IRC channel logs

2022-07-22.log

back to list of logs

<muurkha>wrote my first RISC-V assembly program last night
<muurkha>I feel like RISC-V assembly is not as easy to read as i386, amd64, or m86k?
<muurkha>in part just because it's longer but also because the operand order in the standard assembly syntax is so inconsistent
<muurkha>or is it just unfamiliarity?
<stikonas[m]>muurkha: only sd instruction has somewhat different order
<muurkha>also sw, sh, sb
<stikonas[m]>well, yes, same thing
<stikonas[m]>but basically it is explained that it uses 2 source registers
<stikonas[m]>rather that source and destination
<muurkha>and t3 is not a destination register in bne t3, t4, overflow
<stikonas[m]>But in general I find it easy enough to read after working on stage0-posix
<muurkha>that's good! there's still hope for me yet
<stikonas[m]>Probably just takes time to get used to if you worked with other asm
<stikonas[m]>I just started with risc-v
<stikonas[m]>Well B instructions just compare two values...
<muurkha>or sometimes one, as in bnez t3, foo
<stikonas[m]>I only found those SD, etc a bit unintuitive
<stikonas[m]>Well yes but that's just shorthand for bne zero, t3, foo
<muurkha>right
<muurkha>possibly part of the problem is that I'm mostly reading disassembled GCC output :)
<stikonas[m]>Oh that might be less readable
<stikonas[m]>M0 riscv is somewhat different though
<stikonas[m]>E.g. see https://github.com/oriansj/stage0-posix-riscv64/blob/master/Development/hex2_riscv64.M1
<stikonas[m]>zero is always implicit in M0
<muurkha>yeah, I don't know if M0/M1 is more or less readable syntactically
<muurkha>but surely your code is more mentally coherent than GCC's output
<stikonas[m]>I don't know either
<stikonas[m]>It's just different
<stikonas[m]>But far easier to parse for assembler
<stikonas[m]>I guess it's like at&t vs Intel syntax
<stikonas[m]>At&t is easier to parse for assembler
<stikonas[m]>But maybe Intel syntax is easier for humans to read
<muurkha>maybe, dunno
<muurkha>I prefer the AT&T mov source, dest syntax to the Intel mov dest, source syntax
<stikonas[m]>Well, it's not just that. It is also more explicit, e.g. registers are with %, etc
<muurkha>in some cases; in other cases AT&T syntax is less explicit
<muurkha>one particularly egregious example is that mov 15, %eax is a segfault
<muurkha>you meant mov $15, %eax
<muurkha>the other case is that I think (%ebp,%esi,4) is less explicit than [EBP + ESI*4]

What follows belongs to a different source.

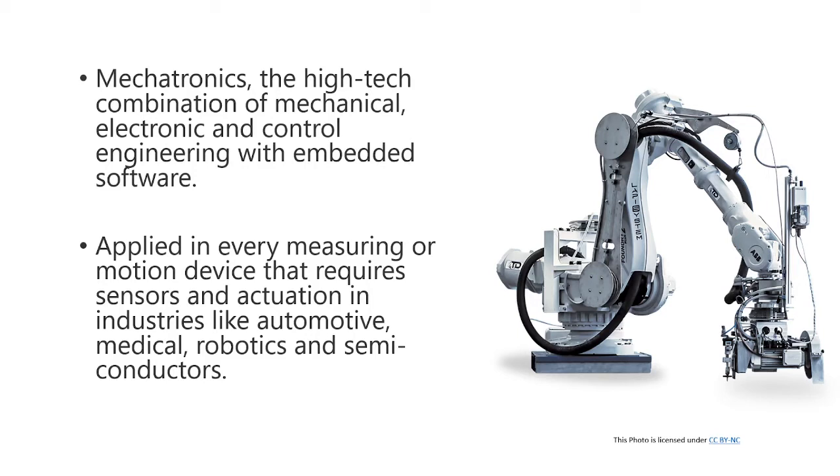It is applied in every measuring or motion device that requires sensors and actuation in industries like automotive, medical, robotic, and semiconductor, and vice versa.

<stikonas[m]>It's harder to parse esi*4
<stikonas[m]>Than %esi,4
<stikonas[m]>(I mean automatically parse for assembler, not humans)
<muurkha>plausibly, yeah
<jbowen>I feel like it's more a matter of which you learn first. My first exposure to asm was Intel x86 and it still feels like "home" to me, even though I've probably written more lines of 6502 for MCUs than x86 code
<muurkha>I also feel like i386 is a bit higher level than RISC-V
<muurkha>I mean, consider addl $3192, (%ebp, %esi, 4)

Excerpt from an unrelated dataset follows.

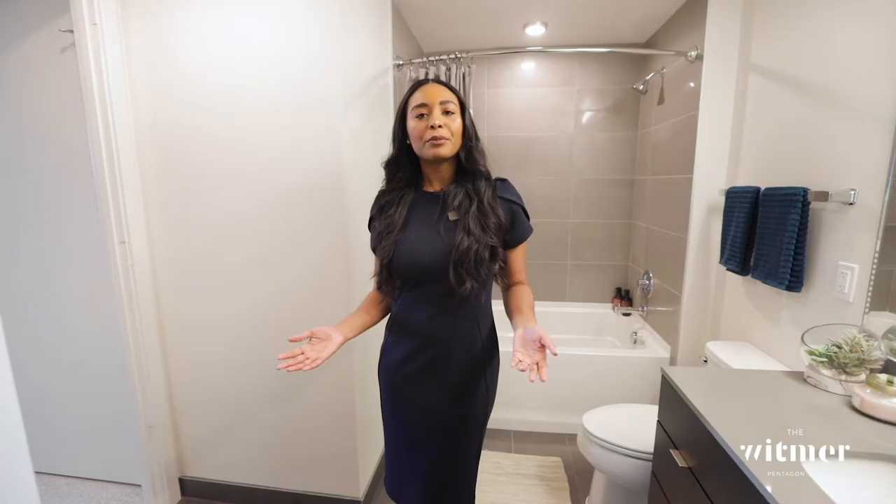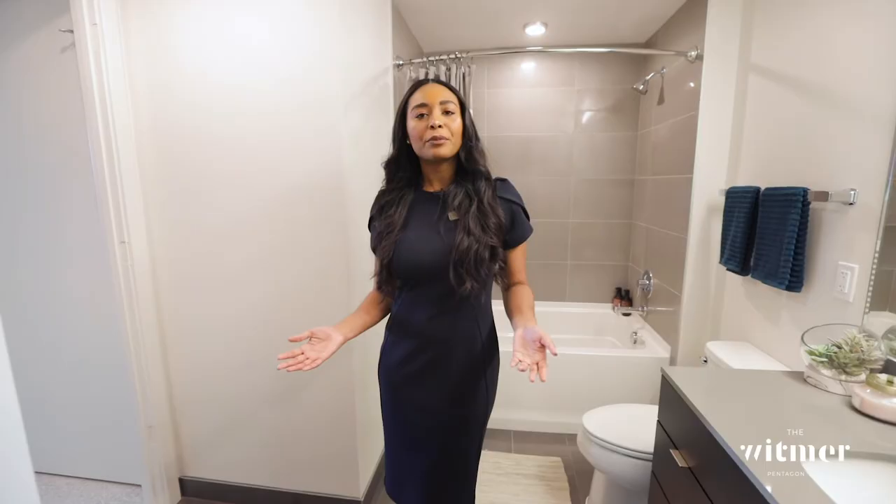Every apartment comes equipped with full-size, front-load Whirlpool washers and dryers. Thank you so much for coming to visit the Whitmer today. To learn more or to schedule your tour, visit us at www.thewitmer.com.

<muurkha>in unabbreviated RISC-V assembly that's something like slli t1, a0, 2; add t1, s0, t1; lw t2, (t1); lui t3, 1; addi t3, t3, 904; add t2, t3, t3; sw t2, (t1)

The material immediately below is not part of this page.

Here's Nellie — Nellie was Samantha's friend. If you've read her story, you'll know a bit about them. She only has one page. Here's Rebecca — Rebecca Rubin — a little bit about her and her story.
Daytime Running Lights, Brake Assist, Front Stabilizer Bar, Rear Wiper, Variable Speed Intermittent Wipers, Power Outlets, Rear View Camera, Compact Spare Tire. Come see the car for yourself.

<muurkha>except the 904 is wrong
<muurkha>that's kind of an extreme case though
<jbowen>Yeah, i386 is CISC, so you'll have more "programmer friendly" instructions
<muurkha>yeah
<muurkha>even a lot of RISCs are terser though
<muurkha>I mean RISC-V had good reasons for not including ARM-like LDM/STM or SPARC-like register windows
<muurkha>or ARM-like ubiquitous bitshifts or predication
<muurkha>whatever, compared to a 6502 I guess it's all luxury ;)
<jbowen>6502 just feels really quaint to me
<muurkha>aha, it should have been -904
<muurkha>clearly time for bed ;)
<jbowen>Recent quick video (< 2 min) about x86's `repne scasb` as basically a oneliner for computing string length: https://www.youtube.com/watch?v=WiyUf8u78-w
<muurkha>oh yeah, of course
<stikonas>but x86 machine code is significantly smaller
<stikonas>risc-v has all instructions 32-bit
<stikonas>there is no way we can fit hex0-riscv32 into 256 bytes
<stikonas>one would only have 43 instructions to do that
<oriansj>stikonas: well that wouldn't be enitrely impossible if one was willing to do some really clever hex hack but yeah, one can't do hex0 cleanly in just 43 RISC instructions. (VAX might be able to do it in 43 instructions cleanly [maybe])
<oriansj>muurkha: well most "clever" cpu instructions end up be just a waste of transistors but PowerPC showed, even having a boatload of simple instructions is still actually a useful option as well.
<oriansj>It could have done with out the extra special case registers and more general design but too late now
<muurkha>stikonas[m]: RVC is usually denser than amd64, though uncompressed RISC-V is looser
<stikonas>yeah, compressed risc-v might be
<stikonas>but I didn't use it for stage0-posix...
<muurkha>no, much more headache than just rv
<oriansj>muurkha: well compressed instruction support hasn't been deeply looked at yet, There are a great deal many encoding details that would have to be worked out first.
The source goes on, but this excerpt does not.